The Mormon Church excommunicates woman for calling Mormon Church sexist

image via yahoo news

(Image via Yahoo News)

No, this isn’t a headline from The Onion. How does the Mormon Church respond to a woman critical of the Church’s treatment of women? By ex-communicating her. I guess they want to show and not tell.

Kate Kelly has been a Mormon all of her life. She served as a missionary in Spain when she was 21. She was married in the Salt Lake Temple. She has been a proud Mormon and, up until very recently, a regular church-goer. But on Monday, she found out that the Mormon Church, also known as the Church of Latter-Day Saints, ex-communicated her for apostasy, the repeated and public advocacy of positions that oppose church teachings.

The symbolism couldn’t be any better (or worse); Kelly was excommunicated in absentia by an all male panel for questioning the all male nature of the Church’s leadership. Specifically, Kelly advocated for allowing women to be ordained as priests. According to the Mormon Church, only men can become priests because all of Jesus’s apostles were men. That’s men. Not boys. Yet the Mormon Church has no problem ordaining boys as young as 12. Why do they follow Jesus’s example when it comes to gender but not age?

It’s easy for me to ask that question. I have nothing to lose. I’m not Mormon. But questioning the Church proved extremely difficult for Kelly, a human rights lawyer from Virginia who now lives in Utah. Kelly started the organization Ordain Women, which “aspires to create a space for Mormons to articulate issues of gender inequality they may be hesitant to raise alone. As a group we intend to put ourselves in the public eye and call attention to the need for the ordination of Mormon women to the priesthood.” She also organized demonstrations at the Church’s conferences at Temple Square in Salt Lake City.

Kelly was warned to take down the website for Ordain Women. But she refused, as she explained in a letter to the church:

I will not take down the website ordainwomen.org. I will not stop speaking out publicly on the issue of gender inequality in the church… I cannot repent of telling the truth, speaking what is in my heart and asking questions that burn in my soul.

image via the atlantic

(Image via the Atlantic)

I’m an atheist but have always admired and respected people who use religion to fight for social justice, ranging from Dorothy Day to Martin Luther King Jr. to Oscar Romero to Desmond Tutu. And, of course, I admire respect and agree with Kelly. But I have to admit that part of me couldn’t help thinking, “Of course the Mormon Church is sexist. It’s also racist. (It used to not let Black men become priests either, until God told the Church president that Black priests were actually fine. And totally coincidentally, that communication took place right after the IRS threatened to revoke the Church’s non-profit status if it continued to discriminate.) All Churches are sexist. In fact all official institutions of organized religion are sexist. Why be naive and try to change it?” Huffpost Live host Caroline Modarressy-Tehrani seemed to read my mind when she said to Kelly, “You were born into [The Mormon Church]… But you have the right to leave. So why not just leave it?”

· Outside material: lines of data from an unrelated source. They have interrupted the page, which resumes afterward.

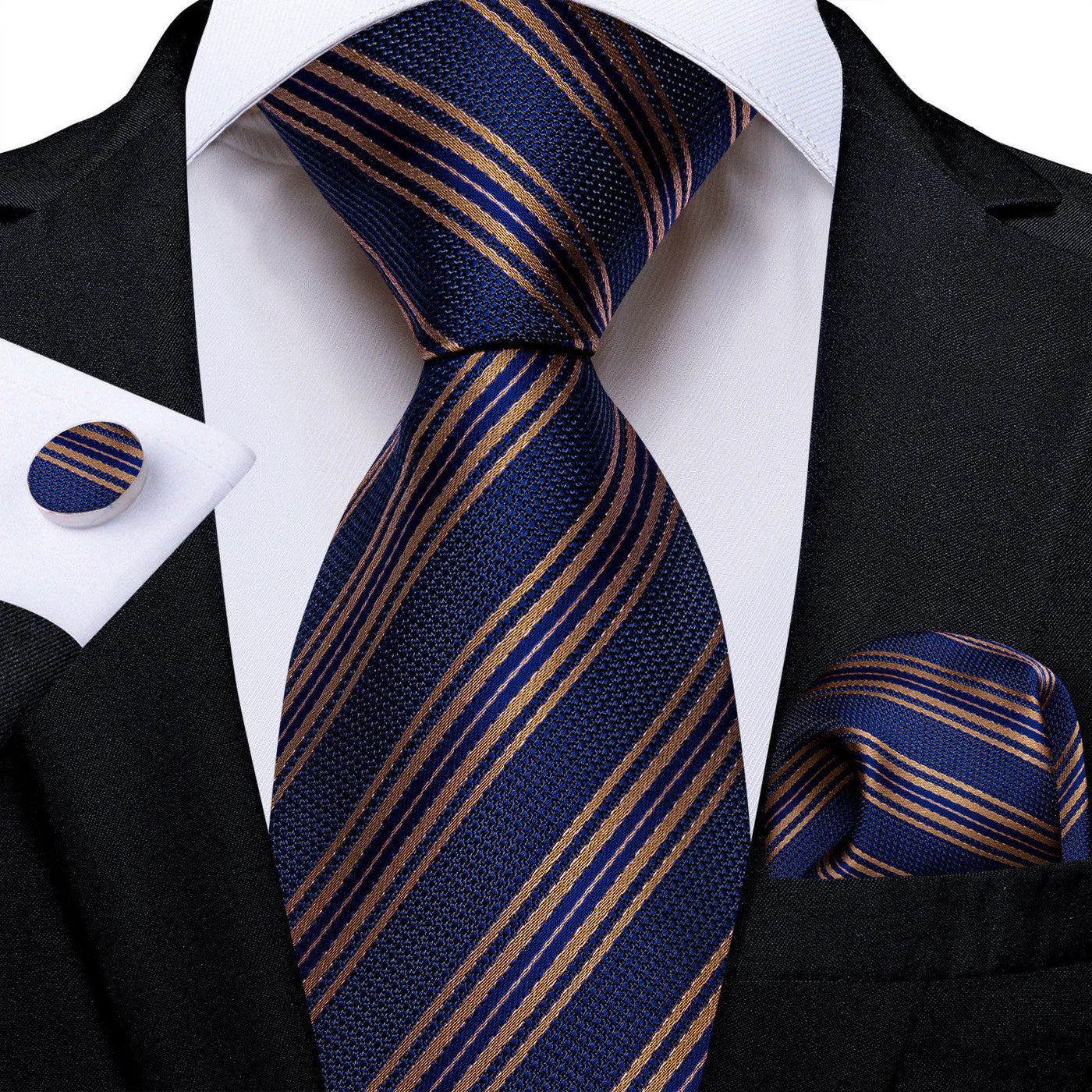 navy blue and gold striped silk tie styled with white shirt suit pocket square and cufflinks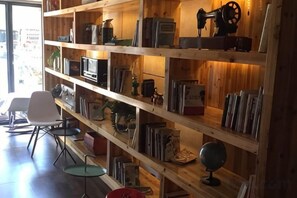 A room with wooden shelving containing various items, a white chair, and a small table. - Tuke China Hotel (Pingyang Aojiang Pearl Plaza Store) (Pingyang)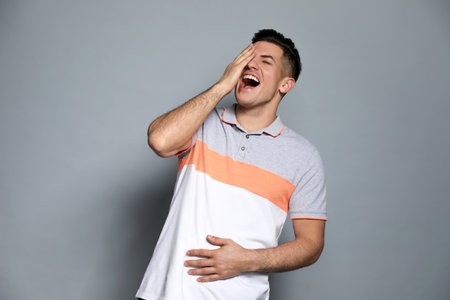 Handsome man laughing on gray background. funny jokeの写真素材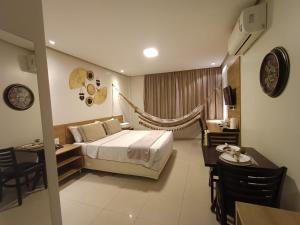 Ένα ή περισσότερα κρεβάτια σε δωμάτιο στο Hotel Palace Santarém Brasil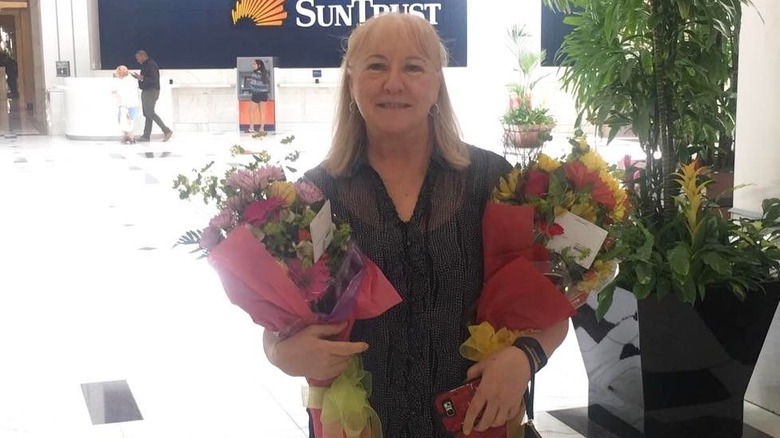 Donna Kelce holding flowers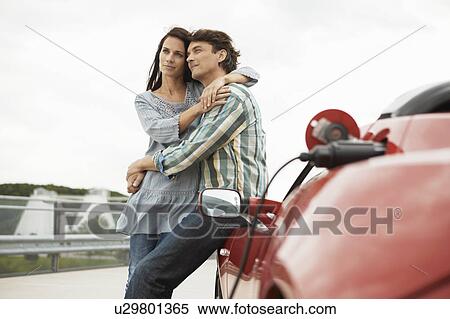 Couple close together near electric car View Large Photo Image Stock Photography - Couple close together near electric car. Fotosearch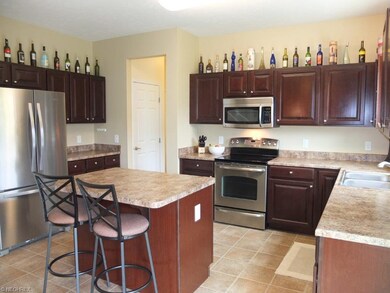 Spacious kitchen with center island and pantry.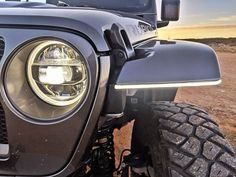 the front end of a jeep with its lights on and grill grilles off in the desert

After hearing Kelly’s response, I respected and admired her even more:

If an institution needs to be improved, if there’s ways that it can be more inclusive, I’m just the type of person who likes to invest and dig in and help make that institution a better place, whether that’s the United States of America, where I live, whether that’s my church, that I love. I disagree with the U.S. government on some of their policies but that doesn’t mean that I move to France… And I’m the same way with the church.

Kelly crystallized exactly what I’ve thought and felt but have been unable to express as eloquently so often. On more occasions than I can remember, someone has responded to my critique of some U.S. policy or historical intervention by saying, “If you hate it so much, why don’t you just leave.”

We all have, or should have, the right to leave a church or a country. And there are times when an institution or nation makes people’s lives so unbearable that leaving them behind is the only escape. But others can and choose to fight to make change from within. And Kelly is urging others to do exactly that, despite her ex-communication:

The decision to force me outside my congregation and community is exceptionally painful. Today is a tragic day for my family and me as we process the many ways this will impact us, both in this life and in the eternities. I love the gospel and the courage of its people. Don’t leave. Stay, and make things better.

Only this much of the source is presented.